Reproduce each line, exactly, from the one containing "painted skulls skull" through the end of the material. Exclude pictures.

• [Task material]
- Opening Delimiter -
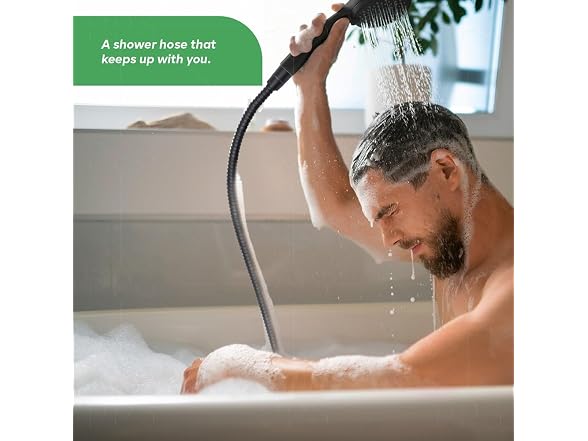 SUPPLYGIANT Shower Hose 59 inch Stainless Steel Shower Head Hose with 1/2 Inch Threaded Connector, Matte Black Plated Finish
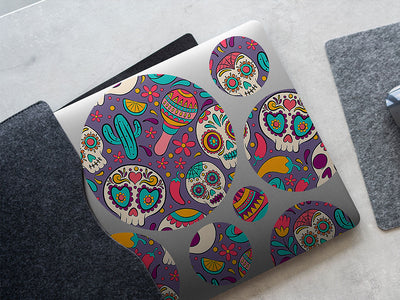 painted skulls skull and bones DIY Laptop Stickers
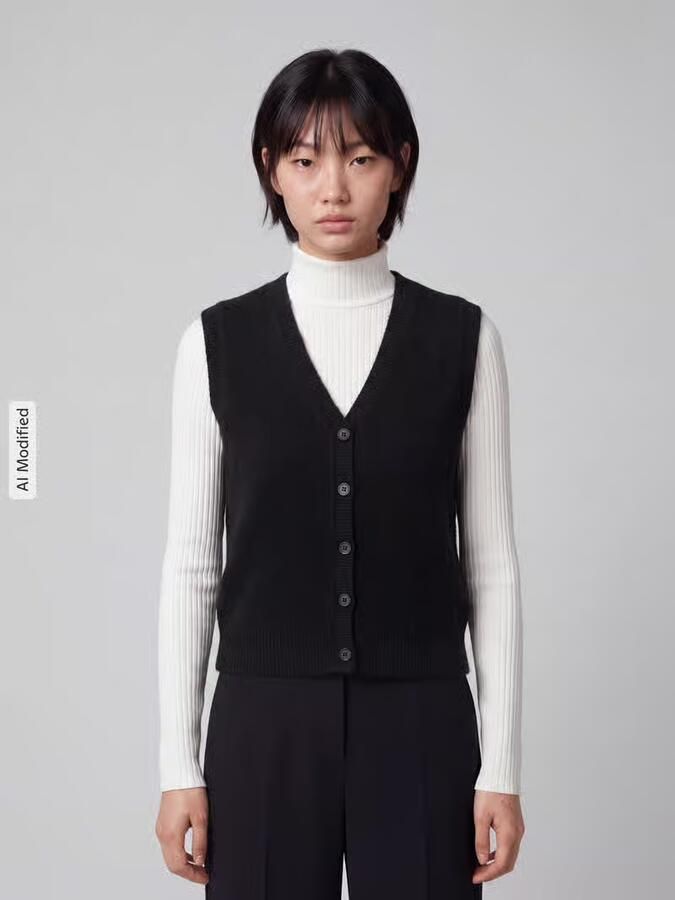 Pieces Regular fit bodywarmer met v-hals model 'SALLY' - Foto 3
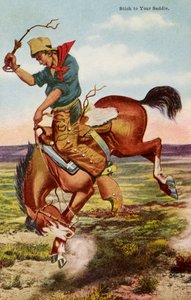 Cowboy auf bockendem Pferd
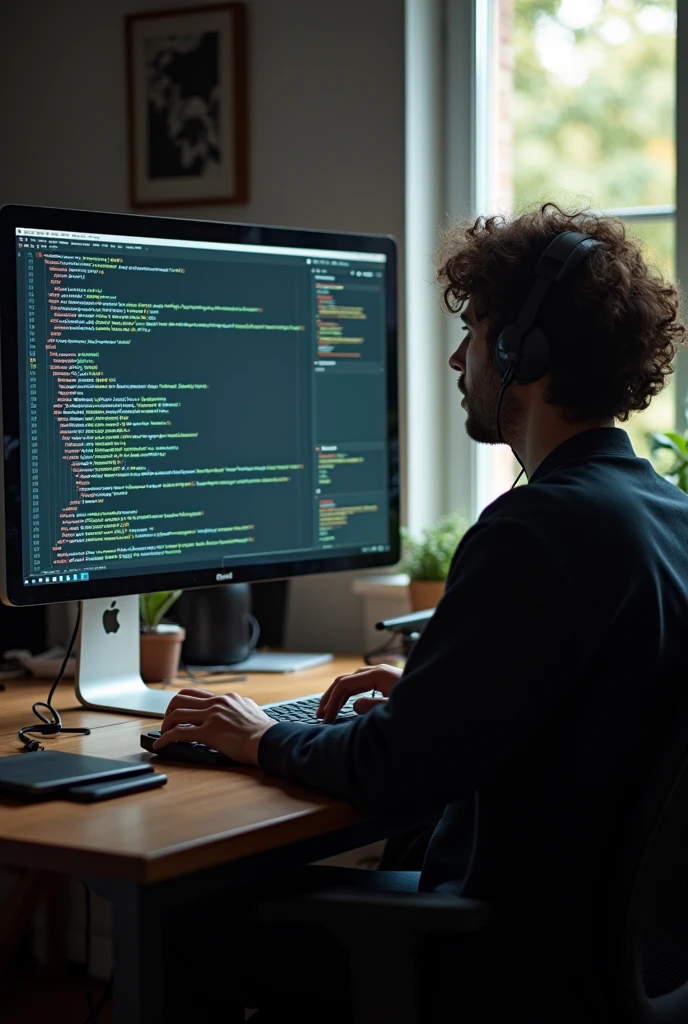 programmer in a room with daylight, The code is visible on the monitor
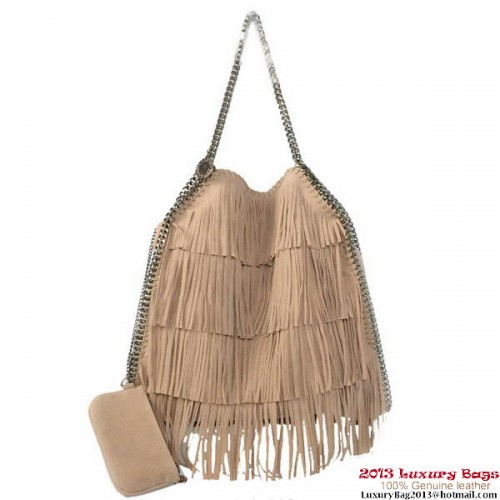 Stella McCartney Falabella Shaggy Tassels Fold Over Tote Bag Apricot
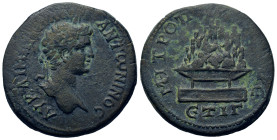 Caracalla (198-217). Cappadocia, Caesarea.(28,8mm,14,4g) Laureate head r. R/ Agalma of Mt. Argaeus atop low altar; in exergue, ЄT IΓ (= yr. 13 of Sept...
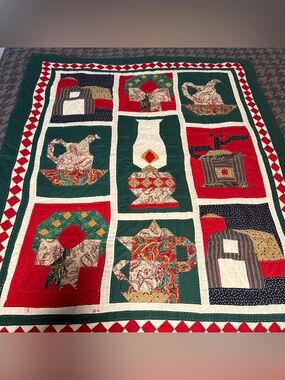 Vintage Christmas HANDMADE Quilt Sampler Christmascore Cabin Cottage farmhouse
- Closing Delimiter -
• [Response for this exercise]
 painted skulls skull and bones DIY Laptop Stickers
 Pieces Regular fit bodywarmer met v-hals model 'SALLY' - Foto 3
 Cowboy auf bockendem Pferd
 programmer in a room with daylight, The code is visible on the monitor
 Stella McCartney Falabella Shaggy Tassels Fold Over Tote Bag Apricot
 Caracalla (198-217). Cappadocia, Caesarea.(28,8mm,14,4g) Laureate head r. R/ Agalma of Mt. Argaeus atop low altar; in exergue, ЄT IΓ (= yr. 13 of Sept...
 Vintage Christmas HANDMADE Quilt Sampler Christmascore Cabin Cottage farmhouse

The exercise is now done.